EXERCISE:
Beginning with the line that holds "Lyromix Upgraded 14FT", copy each line to the end of the records exactly, except the pictures.

AVAILABLE DATA START

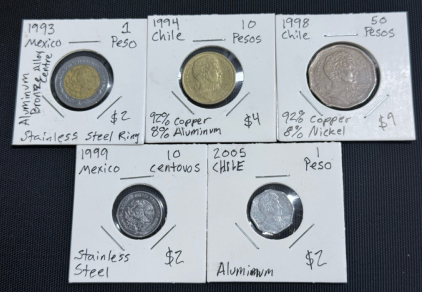 (5) Latin American Coins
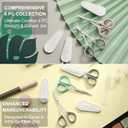 PAFASON Precise & Sharp Sewing Scissor Set 4 PC Curved Straight for DIY Quilting Embroidery Knitting Crafting Cross Stitch Crochet Thread Yarn Paper Fabric Detail Cutting Stainless Steel Safety Case (Green+pink+white)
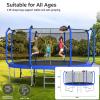 Lyromix Upgraded 14FT Trampoline for Kids and Adults, Large Outdoor Trampoline with Basketball,Stakes, Light, Sprinkler,Basketball Hoop and Net, Capacity for 5-8 Kids and Adults view 4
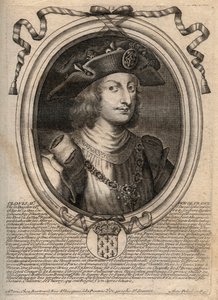 Porträt von Chlodwig II., König der Franken (ca. 633-657) - Gravur aus 
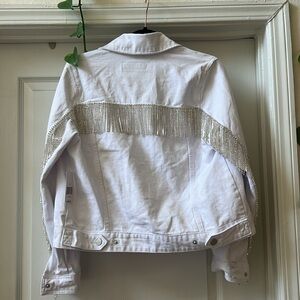 BLANK NYC White Denim Jacket with Rhinestone Fringe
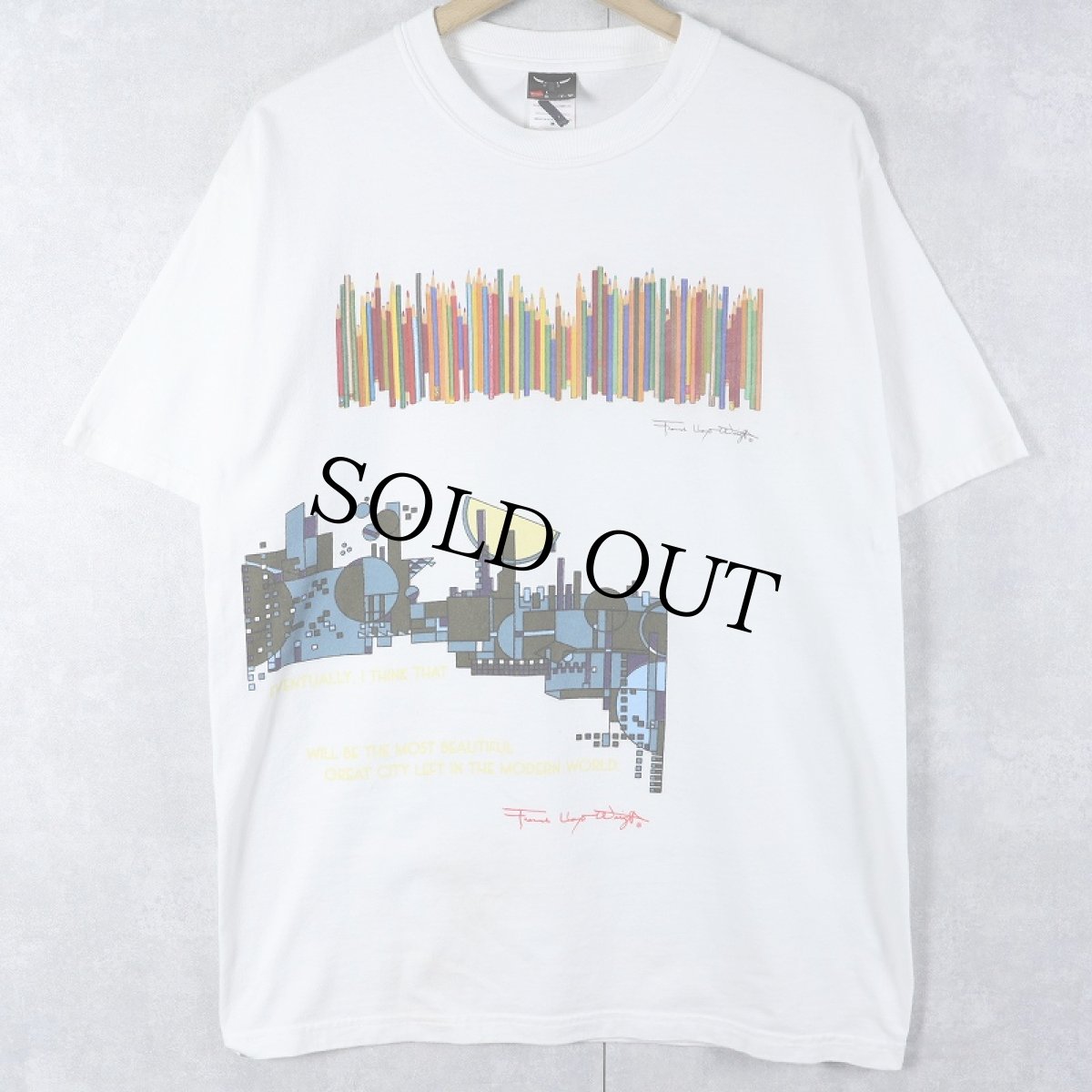 画像1: Frank Lloyd Wright 建築家 アートプリントTシャツ M (1)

AVAILABLE DATA END

SOLUTION BELOW:
 Lyromix Upgraded 14FT Trampoline for Kids and Adults, Large Outdoor Trampoline with Basketball,Stakes, Light, Sprinkler,Basketball Hoop and Net, Capacity for 5-8 Kids and Adults view 4
 Porträt von Chlodwig II., König der Franken (ca. 633-657) - Gravur aus 
 BLANK NYC White Denim Jacket with Rhinestone Fringe
 画像1: Frank Lloyd Wright 建築家 アートプリントTシャツ M (1)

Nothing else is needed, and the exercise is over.